Following evaluation in 1990, open-area excavation began in 1991, but it quickly became apparent that the medieval village was surrounded by the remains of its Anglo-Saxon precursor. Thus began a decade of excavations, exploring the village's development from its origins in the 5th century AD through to its demise in the 18th. The excavated area covered 12ha in total, exposing roughly half of the medieval village and representing one of the largest excavations of an Anglo-Saxon settlement to have taken place in England, certainly at the time.

The village had modest origins, situated on previously uninhabited land and occupied by perhaps no more than two or three families at a time in the 5th and 6th centuries. Its expansion began in the 7th century, when the imposition of an extensive field system suggests the influence of the Church, and a greater and more complex array of domestic structures can be identified. A new field system was set out in the middle Anglo-Saxon period, before a radical change in the settlement's layout was imposed in the 9th century. This occurred at roughly the same time as the Danelaw was established in this part of the country, although a direct causal link remains elusive.

Changes to the layout of the settlement continued to be made throughout the Middle Ages, but its overall form had largely crystallised by the 11th or 12th century under the influence of the two manors which held land in Stratton.
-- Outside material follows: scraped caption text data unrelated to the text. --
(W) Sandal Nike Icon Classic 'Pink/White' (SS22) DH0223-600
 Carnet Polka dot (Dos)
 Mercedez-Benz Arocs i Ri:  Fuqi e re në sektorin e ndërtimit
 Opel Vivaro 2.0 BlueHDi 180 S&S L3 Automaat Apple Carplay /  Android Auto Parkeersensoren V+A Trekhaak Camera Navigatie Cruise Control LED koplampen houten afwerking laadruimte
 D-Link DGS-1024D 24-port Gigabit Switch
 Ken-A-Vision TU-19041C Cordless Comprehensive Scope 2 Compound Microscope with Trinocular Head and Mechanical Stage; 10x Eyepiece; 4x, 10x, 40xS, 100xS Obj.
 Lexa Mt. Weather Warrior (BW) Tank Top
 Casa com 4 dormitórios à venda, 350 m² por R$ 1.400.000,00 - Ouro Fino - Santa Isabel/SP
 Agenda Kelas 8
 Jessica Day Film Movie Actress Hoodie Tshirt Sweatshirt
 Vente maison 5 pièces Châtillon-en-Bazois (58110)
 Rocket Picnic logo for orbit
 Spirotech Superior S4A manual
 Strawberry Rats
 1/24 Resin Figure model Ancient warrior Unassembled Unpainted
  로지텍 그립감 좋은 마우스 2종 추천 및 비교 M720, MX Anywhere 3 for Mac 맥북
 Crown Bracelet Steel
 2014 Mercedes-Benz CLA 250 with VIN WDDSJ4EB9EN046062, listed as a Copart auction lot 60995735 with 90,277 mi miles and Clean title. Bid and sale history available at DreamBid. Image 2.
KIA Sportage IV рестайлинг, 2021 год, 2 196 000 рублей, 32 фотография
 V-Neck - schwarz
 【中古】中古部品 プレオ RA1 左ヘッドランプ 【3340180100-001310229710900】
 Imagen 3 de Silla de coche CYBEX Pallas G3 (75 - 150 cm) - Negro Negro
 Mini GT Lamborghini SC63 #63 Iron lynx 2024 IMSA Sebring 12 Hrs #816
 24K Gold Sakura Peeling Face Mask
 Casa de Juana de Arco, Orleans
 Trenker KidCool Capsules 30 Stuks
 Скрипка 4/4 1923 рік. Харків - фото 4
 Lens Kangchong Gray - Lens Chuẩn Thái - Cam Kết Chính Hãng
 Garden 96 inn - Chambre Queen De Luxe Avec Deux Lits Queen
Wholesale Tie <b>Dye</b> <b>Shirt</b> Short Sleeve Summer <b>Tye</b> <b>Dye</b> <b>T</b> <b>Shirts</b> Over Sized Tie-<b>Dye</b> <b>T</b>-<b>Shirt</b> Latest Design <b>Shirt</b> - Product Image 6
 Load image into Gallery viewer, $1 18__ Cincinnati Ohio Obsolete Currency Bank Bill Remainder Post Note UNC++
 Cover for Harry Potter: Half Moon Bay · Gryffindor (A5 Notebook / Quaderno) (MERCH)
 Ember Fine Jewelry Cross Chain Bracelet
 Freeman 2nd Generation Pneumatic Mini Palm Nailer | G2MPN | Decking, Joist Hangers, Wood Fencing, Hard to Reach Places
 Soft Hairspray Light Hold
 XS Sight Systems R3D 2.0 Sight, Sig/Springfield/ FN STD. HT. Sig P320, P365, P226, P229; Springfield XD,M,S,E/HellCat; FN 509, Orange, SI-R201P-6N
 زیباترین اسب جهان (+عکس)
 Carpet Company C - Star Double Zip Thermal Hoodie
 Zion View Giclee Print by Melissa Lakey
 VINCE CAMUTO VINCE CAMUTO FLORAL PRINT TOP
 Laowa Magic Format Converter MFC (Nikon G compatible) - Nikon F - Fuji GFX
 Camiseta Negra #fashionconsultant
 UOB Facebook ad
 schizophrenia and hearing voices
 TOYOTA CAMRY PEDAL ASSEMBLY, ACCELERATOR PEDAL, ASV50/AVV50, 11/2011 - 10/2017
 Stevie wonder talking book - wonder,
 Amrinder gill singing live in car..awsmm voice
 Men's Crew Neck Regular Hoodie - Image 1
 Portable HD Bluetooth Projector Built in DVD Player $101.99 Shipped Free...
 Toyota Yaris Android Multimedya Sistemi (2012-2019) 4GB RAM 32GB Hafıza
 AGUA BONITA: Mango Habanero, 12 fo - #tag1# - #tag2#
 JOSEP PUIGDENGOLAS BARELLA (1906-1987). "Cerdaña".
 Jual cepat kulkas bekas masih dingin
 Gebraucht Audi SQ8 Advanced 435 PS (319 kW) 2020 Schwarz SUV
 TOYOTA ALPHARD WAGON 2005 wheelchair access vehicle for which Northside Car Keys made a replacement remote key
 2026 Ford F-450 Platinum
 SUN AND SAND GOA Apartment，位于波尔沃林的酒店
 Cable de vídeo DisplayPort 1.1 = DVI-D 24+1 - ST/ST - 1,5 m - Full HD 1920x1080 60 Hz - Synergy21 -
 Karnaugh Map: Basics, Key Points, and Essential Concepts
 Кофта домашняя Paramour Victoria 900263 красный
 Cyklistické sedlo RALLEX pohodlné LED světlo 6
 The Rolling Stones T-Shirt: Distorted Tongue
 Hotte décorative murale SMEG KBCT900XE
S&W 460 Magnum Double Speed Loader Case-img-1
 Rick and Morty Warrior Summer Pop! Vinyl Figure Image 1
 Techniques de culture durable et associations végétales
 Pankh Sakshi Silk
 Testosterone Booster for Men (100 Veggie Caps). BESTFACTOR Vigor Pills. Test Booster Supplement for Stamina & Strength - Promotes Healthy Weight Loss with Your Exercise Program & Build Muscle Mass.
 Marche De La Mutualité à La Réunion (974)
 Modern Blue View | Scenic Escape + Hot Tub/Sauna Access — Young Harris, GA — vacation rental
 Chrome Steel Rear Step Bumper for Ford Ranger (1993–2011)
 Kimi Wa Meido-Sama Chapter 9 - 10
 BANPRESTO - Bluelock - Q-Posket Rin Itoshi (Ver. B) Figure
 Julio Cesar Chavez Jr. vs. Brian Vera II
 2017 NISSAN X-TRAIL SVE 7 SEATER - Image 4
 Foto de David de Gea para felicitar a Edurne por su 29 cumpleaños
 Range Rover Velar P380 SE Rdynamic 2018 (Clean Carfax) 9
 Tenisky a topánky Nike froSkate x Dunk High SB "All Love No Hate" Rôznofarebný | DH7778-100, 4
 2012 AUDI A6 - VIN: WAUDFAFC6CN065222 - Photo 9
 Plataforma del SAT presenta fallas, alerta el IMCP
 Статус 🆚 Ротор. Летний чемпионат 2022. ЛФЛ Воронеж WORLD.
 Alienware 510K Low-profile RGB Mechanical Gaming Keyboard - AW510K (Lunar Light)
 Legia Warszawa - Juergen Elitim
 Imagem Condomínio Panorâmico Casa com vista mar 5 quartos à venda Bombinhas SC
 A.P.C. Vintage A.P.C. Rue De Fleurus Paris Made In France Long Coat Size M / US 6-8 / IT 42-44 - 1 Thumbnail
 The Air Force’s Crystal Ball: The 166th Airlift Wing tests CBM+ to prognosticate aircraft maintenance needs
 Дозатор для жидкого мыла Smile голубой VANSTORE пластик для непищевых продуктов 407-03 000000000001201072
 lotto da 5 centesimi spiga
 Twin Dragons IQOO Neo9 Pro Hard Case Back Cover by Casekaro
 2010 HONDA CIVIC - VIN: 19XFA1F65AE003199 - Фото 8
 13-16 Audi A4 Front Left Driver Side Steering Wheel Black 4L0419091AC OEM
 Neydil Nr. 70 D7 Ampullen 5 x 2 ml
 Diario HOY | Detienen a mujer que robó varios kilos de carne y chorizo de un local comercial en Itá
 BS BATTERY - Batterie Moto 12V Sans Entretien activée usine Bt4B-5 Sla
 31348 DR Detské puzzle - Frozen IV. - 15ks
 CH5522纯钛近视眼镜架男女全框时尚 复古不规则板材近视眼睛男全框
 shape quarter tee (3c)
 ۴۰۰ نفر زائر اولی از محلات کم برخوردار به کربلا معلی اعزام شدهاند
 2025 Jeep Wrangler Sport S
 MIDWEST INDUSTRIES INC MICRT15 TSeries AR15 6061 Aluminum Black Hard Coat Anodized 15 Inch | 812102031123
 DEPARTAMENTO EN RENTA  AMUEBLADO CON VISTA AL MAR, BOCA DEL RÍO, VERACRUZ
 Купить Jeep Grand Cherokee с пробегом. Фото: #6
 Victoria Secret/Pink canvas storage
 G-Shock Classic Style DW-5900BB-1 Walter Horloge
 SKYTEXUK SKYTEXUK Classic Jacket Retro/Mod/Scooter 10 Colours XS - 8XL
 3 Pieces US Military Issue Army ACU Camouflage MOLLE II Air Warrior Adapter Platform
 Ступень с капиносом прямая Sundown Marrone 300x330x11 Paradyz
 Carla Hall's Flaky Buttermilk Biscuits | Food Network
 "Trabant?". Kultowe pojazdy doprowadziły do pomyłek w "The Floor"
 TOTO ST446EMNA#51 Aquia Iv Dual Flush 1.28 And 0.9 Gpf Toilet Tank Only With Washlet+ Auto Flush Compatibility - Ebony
The capital messuage of the main Stratton manor is preserved as a scheduled site to the south-east of the excavation area. Part of another moated site and the two dovecots that were revealed represent a direct link with the medieval manors, while a substantial, high-status timber building may have been associated with one of their late Anglo-Saxon precursors. The other medieval buildings - mostly timber, though a few had masonry foundations - would have been inhabited by tenants of the manors. Documentary sources suggest that the resident lords of the manors gradually began to reduce the number of tenants in the late 17th or early 18th century, remodelling the village into the classic estate landscape of Stratton Park.

The excavations revealed a settlement that was constantly in flux, when viewed from the perspective of its life over more than a millennium, but which in many ways remained remarkably constant over that period. Stratton was not a wealthy village, existing as a dependent township within the parish of Biggleswade, and the focus of the excavations lay primarily on the homes and activities of the ordinary villagers rather than the social elite. This publication chronicles 1,300 years of a small, low-status farming community - the crops they grew, the animals they reared, and the goods they traded or made themselves.